Though implementing fork() in a kernel is entirely distinct from using fork() in user space. Implementing fork() is mostly "just" manipulating a bunch of data structures the right way. Copy the right bytes and set the right values.
It's like how you can implement Java, C++, python, Haskell and any other (practical) language in C, despite C having no support for e.g. classes or lambdas. Or how humans can design and build combustion engines, despite us not having the capability to ingest gasoline in order to rotate an axle at 6000rpm ourselves.

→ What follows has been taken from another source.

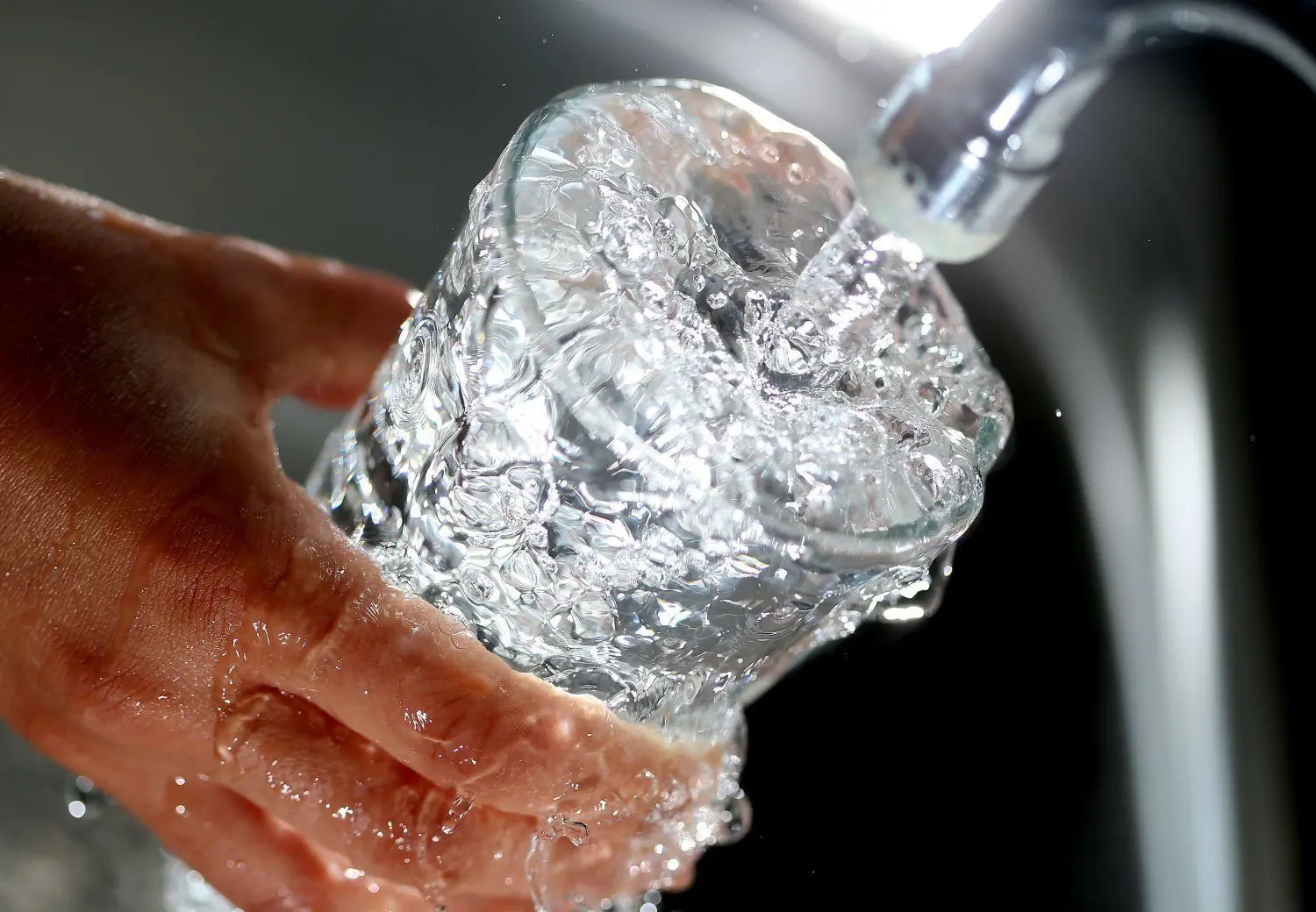 Vorübergehend schmeckt das Trinkwasser in vielen Cottbuser Haushalten nach Chlor.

Yeah, I get the difference in levels of abstraction. Still interesting, at least to me. Among other things, it limits how "thin" the POSIX emulation can be. So, for example, if I had a POSIXy super-CPU, an implementation of fork() in C, running on that CPU, could be rather thin. An implementation of fork() in Go seems like it'd necessarily have to be considerably thicker, as fork() is more foreign to Go.
But yes, I understand that this noodling has little to do with what the authors were going for, nor really with current reality.
I fail to see how the implementation of fork in C would be any thinner than an implementation of fork in Go. I expect the implementations would look very similar.
That sounds more like some kind of unusual “emulation layer” in user space than any “kernel”, and given your decision to use the host environment’s fork(), apparently one that just uses the host operating system’s (that’s what that “Super CPU” is, not a CPU at all but a full operating system) process model and everything associated with it, so you wouldn’t be able to emulate much.